Respect, Integrity, Excellence, Compassion

These are words worthy of any company’s statement of values. But for Revera—a Canadian company that offers seniors’ services including home care in more than 220 retirement residences, long-term care homes and skilled nursing facilities across North America—they are far more than words.

“They are the underlying motivation for why we’re here,” says Darlene Friesen, learning and development specialist with Revera. “The values reflect our commitment to enhancing people’s lives with choices in their communities,” adds Barbara Belanger, director of learning and development. “The values are ingrained in everything we do, from our email signatures to our leadership training. They are the guiding principles for 26,000 employees touching the lives of thousands of seniors every day.”

Revera formally defined the four values about three years ago to help build a strong culture that would see it through the challenges of corporate rebranding and expansion.

“We’ll celebrate our 50th anniversary next year, and we’ve come a long way since our first home opened in Winnipeg,” says Friesen. “We started by training people as managers,” says Belanger, “but there’s been an evolution toward more self-reflection about leadership skills and opportunities.

“The size and geographic dispersion of the organization make it harder to reach everybody. As learning and development professionals, we need consistent themes and messages for ongoing leader growth.”

That focus on leadership opportunities made the Work Personality Index® a natural fit with their work. With a curriculum based on results of the Work Personality Index Leadership Competency Report, “Lead to Succeed” workshops have been delivered to nearly 1,600 employees, including site managers in Canada and the United States as well as senior leaders in corporate offices.

After extensive research into assessment tools, Belanger and Friesen agreed on the Work Personality Index for several reasons. “We wanted something managers could do online confidentially for their own use, to be open to exploration and self- reflection,” says Friesen, who also cites the Work Personality Index’s positive tone: “It talks about opportunity, not weakness.”
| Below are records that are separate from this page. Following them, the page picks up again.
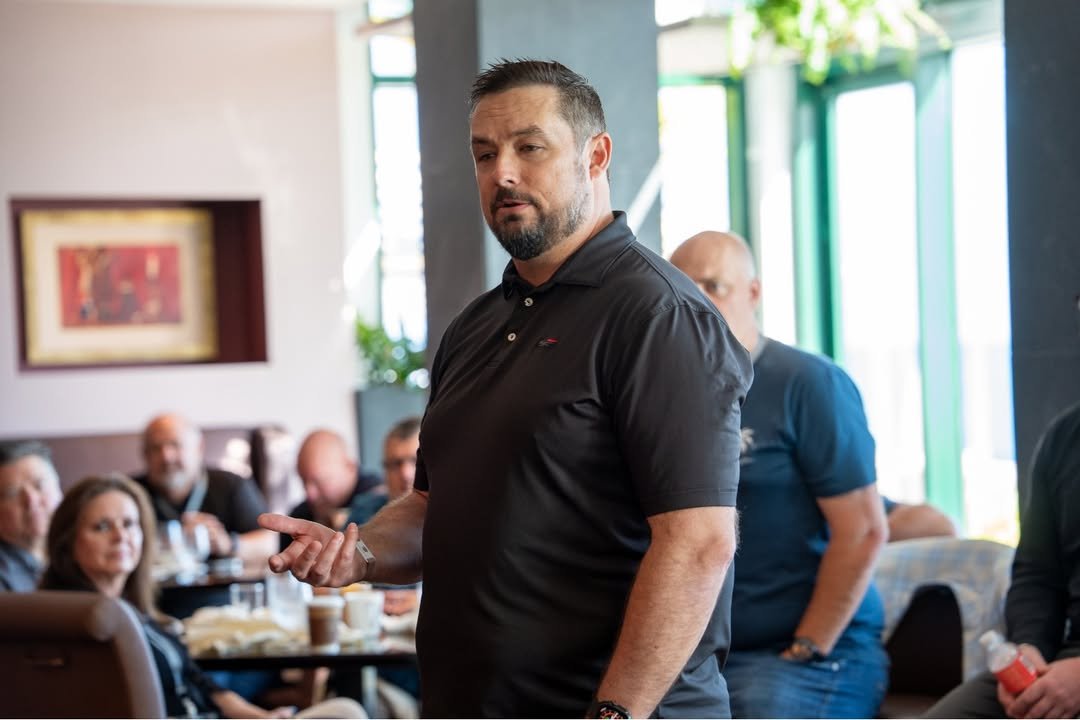 Man in black polo shirt speaking to a group in a restaurant or conference setting.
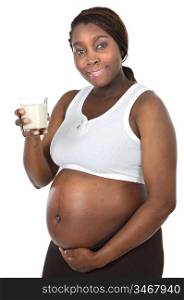 Photo of an attractive pregnant woman drinking milk a over white background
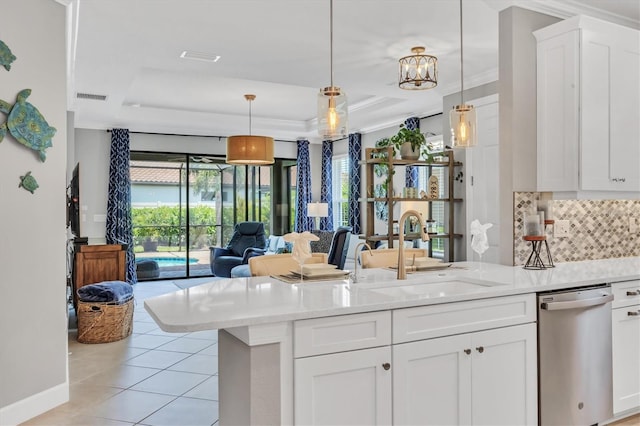 kitchen with sink, white cabinetry, decorative light fixtures, and stainless steel dishwasher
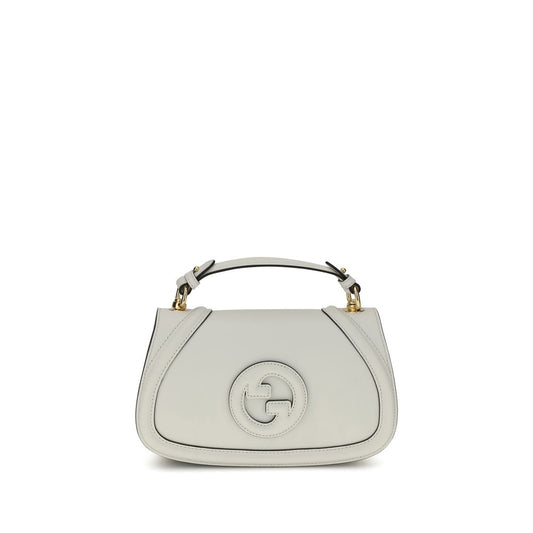 Gucci White Calf Leather Bos Taurus Handbag with tonal GG applique and removable strap, featuring a hidden magnetic closure and back slit pocket.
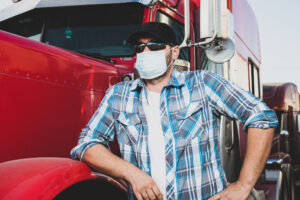 CDL truck driver standing in front of a truck wearing a mask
Belanger says the Work Personality Index’s ease of administration, ease of use and cost effectiveness makes it affordable and sustainable to use throughout a large organization like Revera.

One part of the Work Personality Index workshops that has worked well as a culture builder is a “commitment card”: Participants write down their key areas of opportunity for development and hand in the card to the facilitator, who mails it back to them three months later as a reminder. “We’ve seen commitment cards hanging in people’s offices,” says Belanger. She and Friesen say that people sharing this commitment with colleagues have helped teams develop in the same positive and reflective way as individual leaders.

But the successful commitment that Friesen and Belanger are most proud of has come from the senior vice-president of HR and other senior leaders at Revera. “We wanted to demonstrate the value of leadership,” says Belanger. “The senior leadership team has invested a lot in this program and we believe the participants truly value the experience.”

Friesen and Belanger say this commitment to leaders by leaders is an example of how the organization lives its four core values: “We have VPs and senior VPs involved as co-facilitators. They are helping other leaders learn from their experience—including the lessons about what was less successful—and they are showing how they got to the position they’re in.”

“This company takes the time, travel, effort and energy to do this,” says Friesen. “And that in itself is showing leadership.” Not to mention respect, integrity, excellence and compassion. “We know leadership is a hard job,” says Belanger, “and we value the work that our leaders do every day.”